We are therefore, disposing off this writ petition with a direction to the appellate authority to decide the appeal of the petitioner preferably within a period of six weeks from the date of production of a certified copy of his order, in accordance with law. We make it clear that in view of the decision of this Court in Second Appeal No. 2866 of 1978, P. D. Tandon v. Union of India and others, decided on 27th November, 1981 copy of which has been filed as Annexure 2 to this petition, wherein it has been held that the property in dispute belonged to the petitioner, which decision has been upheld by the Apex Court in Civil Appeal No. 5931 of 1983 decided on 22-2-1984, Annexure-3 to this writ petition, the question of title in this case has already become res-judicata and cannot be raked up again. It has been held in that case that the property in dispute belonged to the petitioner. This finding is conclusive and res-judicata and cannot be permitted to be raked up again. In Iftekhar Ahmad v. Syed Mehban Ali and others, 1974 SC 749 (Para-9) it has been held following the decision of the Privy Council in Board v. Ramanandan Prasad Narayan Singh, A. I. R. 1916 P. C. 78, that the rule of res-judicata is founded on ancient precedent dictated by a wisdom which is for all time. This rule is based on the Roman Law Maxim "interest republicae ut sit finis litium", which means that it is in the interest of the republic that there should be an end to litigation, vide A. I. R. 1960 SC 941; A. I. R. 1961 SC 1457; A. I. R. 1957 SC 38; A. I. R. 1967 Alld. 504 (F. B.) etc. Even an erroneous decision between the parties is res-judicata, vide A. I. R. 1953 SC 65; A. I. R. 1966 SC A. I. R. 1962 Patna, 1061; 72 (F. B.), etc.
It is submitted by the learned Counsel for the petitioner that there are some petitions relating to mutation regarding this property. It is well-settled that mutation confers no right.

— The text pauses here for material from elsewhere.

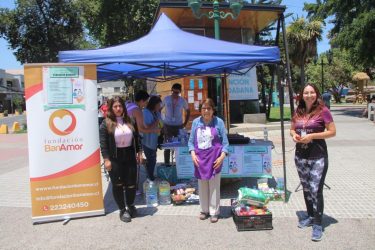 Quillota: Voluntarios lograron cargar camiones con ayuda para damnificados de Viña del Mar 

The question of title once decided in Second Appeal No. 2866 of 1978 vide judgment dated 27-11-1981 and as confirmed by the Supreme Court, cannot be reagitated again, as it is res-judicata.
(3.) THE doctrine of res-judicata is based on a sound principle of public policy, namely that a matter already settled by the Court should not be allowed to be re-agitated, otherwise there will be no end to litigation.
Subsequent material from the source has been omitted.